### WHAT NEEDS TO BE DONE:
The listing that follows should be duplicated character for character.

### RECORDS PROVIDED:

* * * * * * * * *

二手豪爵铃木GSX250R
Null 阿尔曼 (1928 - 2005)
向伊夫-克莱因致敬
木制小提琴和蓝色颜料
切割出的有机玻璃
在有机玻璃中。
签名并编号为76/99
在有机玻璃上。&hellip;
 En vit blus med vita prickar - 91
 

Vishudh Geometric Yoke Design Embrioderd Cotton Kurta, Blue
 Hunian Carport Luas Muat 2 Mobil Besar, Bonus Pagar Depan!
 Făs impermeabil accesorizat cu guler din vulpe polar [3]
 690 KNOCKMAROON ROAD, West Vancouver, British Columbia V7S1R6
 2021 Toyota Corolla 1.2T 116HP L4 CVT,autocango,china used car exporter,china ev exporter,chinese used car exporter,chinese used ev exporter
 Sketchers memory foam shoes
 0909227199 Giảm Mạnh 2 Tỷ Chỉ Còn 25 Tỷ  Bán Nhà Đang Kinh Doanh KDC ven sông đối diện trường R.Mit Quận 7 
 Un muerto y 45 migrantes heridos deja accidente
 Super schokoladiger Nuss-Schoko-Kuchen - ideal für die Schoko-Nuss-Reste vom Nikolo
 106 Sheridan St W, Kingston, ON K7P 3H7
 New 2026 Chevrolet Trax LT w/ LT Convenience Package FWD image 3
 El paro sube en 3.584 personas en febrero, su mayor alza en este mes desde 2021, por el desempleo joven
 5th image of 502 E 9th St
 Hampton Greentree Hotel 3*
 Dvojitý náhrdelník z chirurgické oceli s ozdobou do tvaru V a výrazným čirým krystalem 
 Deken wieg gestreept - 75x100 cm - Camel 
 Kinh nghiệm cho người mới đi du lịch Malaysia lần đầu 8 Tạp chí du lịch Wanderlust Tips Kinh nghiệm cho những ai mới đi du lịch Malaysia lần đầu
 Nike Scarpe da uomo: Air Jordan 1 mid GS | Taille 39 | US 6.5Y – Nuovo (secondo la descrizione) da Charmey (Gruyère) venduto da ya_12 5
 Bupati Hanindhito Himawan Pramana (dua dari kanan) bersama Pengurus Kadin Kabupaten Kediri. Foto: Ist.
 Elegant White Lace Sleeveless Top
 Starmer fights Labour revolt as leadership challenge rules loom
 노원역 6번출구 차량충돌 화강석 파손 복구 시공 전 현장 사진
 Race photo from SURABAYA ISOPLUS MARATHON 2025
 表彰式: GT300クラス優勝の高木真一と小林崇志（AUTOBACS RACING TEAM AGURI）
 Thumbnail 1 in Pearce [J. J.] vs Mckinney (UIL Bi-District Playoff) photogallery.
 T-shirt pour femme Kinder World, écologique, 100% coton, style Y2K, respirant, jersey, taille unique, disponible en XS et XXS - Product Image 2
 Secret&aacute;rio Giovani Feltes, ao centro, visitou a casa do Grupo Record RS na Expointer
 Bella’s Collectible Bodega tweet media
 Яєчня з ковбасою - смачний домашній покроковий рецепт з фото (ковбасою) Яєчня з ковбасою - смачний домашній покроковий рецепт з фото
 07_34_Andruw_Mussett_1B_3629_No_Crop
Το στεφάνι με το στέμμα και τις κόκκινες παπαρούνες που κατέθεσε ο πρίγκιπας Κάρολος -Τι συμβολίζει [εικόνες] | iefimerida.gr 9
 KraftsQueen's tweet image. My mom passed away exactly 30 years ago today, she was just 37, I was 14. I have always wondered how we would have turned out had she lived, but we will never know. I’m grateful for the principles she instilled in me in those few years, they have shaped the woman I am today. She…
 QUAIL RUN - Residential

* * * * * * * * *

### ANSWER TO THE EXERCISE:
二手豪爵铃木GSX250R
Null 阿尔曼 (1928 - 2005)
向伊夫-克莱因致敬
木制小提琴和蓝色颜料
切割出的有机玻璃
在有机玻璃中。
签名并编号为76/99
在有机玻璃上。&hellip;
 En vit blus med vita prickar - 91
 

Vishudh Geometric Yoke Design Embrioderd Cotton Kurta, Blue
 Hunian Carport Luas Muat 2 Mobil Besar, Bonus Pagar Depan!
 Făs impermeabil accesorizat cu guler din vulpe polar [3]
 690 KNOCKMAROON ROAD, West Vancouver, British Columbia V7S1R6
 2021 Toyota Corolla 1.2T 116HP L4 CVT,autocango,china used car exporter,china ev exporter,chinese used car exporter,chinese used ev exporter
 Sketchers memory foam shoes
 0909227199 Giảm Mạnh 2 Tỷ Chỉ Còn 25 Tỷ  Bán Nhà Đang Kinh Doanh KDC ven sông đối diện trường R.Mit Quận 7 
 Un muerto y 45 migrantes heridos deja accidente
 Super schokoladiger Nuss-Schoko-Kuchen - ideal für die Schoko-Nuss-Reste vom Nikolo
 106 Sheridan St W, Kingston, ON K7P 3H7
 New 2026 Chevrolet Trax LT w/ LT Convenience Package FWD image 3
 El paro sube en 3.584 personas en febrero, su mayor alza en este mes desde 2021, por el desempleo joven
 5th image of 502 E 9th St
 Hampton Greentree Hotel 3*
 Dvojitý náhrdelník z chirurgické oceli s ozdobou do tvaru V a výrazným čirým krystalem 
 Deken wieg gestreept - 75x100 cm - Camel 
 Kinh nghiệm cho người mới đi du lịch Malaysia lần đầu 8 Tạp chí du lịch Wanderlust Tips Kinh nghiệm cho những ai mới đi du lịch Malaysia lần đầu
 Nike Scarpe da uomo: Air Jordan 1 mid GS | Taille 39 | US 6.5Y – Nuovo (secondo la descrizione) da Charmey (Gruyère) venduto da ya_12 5
 Bupati Hanindhito Himawan Pramana (dua dari kanan) bersama Pengurus Kadin Kabupaten Kediri. Foto: Ist.
 Elegant White Lace Sleeveless Top
 Starmer fights Labour revolt as leadership challenge rules loom
 노원역 6번출구 차량충돌 화강석 파손 복구 시공 전 현장 사진
 Race photo from SURABAYA ISOPLUS MARATHON 2025
 表彰式: GT300クラス優勝の高木真一と小林崇志（AUTOBACS RACING TEAM AGURI）
 Thumbnail 1 in Pearce [J. J.] vs Mckinney (UIL Bi-District Playoff) photogallery.
 T-shirt pour femme Kinder World, écologique, 100% coton, style Y2K, respirant, jersey, taille unique, disponible en XS et XXS - Product Image 2
 Secret&aacute;rio Giovani Feltes, ao centro, visitou a casa do Grupo Record RS na Expointer
 Bella’s Collectible Bodega tweet media
 Яєчня з ковбасою - смачний домашній покроковий рецепт з фото (ковбасою) Яєчня з ковбасою - смачний домашній покроковий рецепт з фото
 07_34_Andruw_Mussett_1B_3629_No_Crop
Το στεφάνι με το στέμμα και τις κόκκινες παπαρούνες που κατέθεσε ο πρίγκιπας Κάρολος -Τι συμβολίζει [εικόνες] | iefimerida.gr 9
 KraftsQueen's tweet image. My mom passed away exactly 30 years ago today, she was just 37, I was 14. I have always wondered how we would have turned out had she lived, but we will never know. I’m grateful for the principles she instilled in me in those few years, they have shaped the woman I am today. She…
 QUAIL RUN - Residential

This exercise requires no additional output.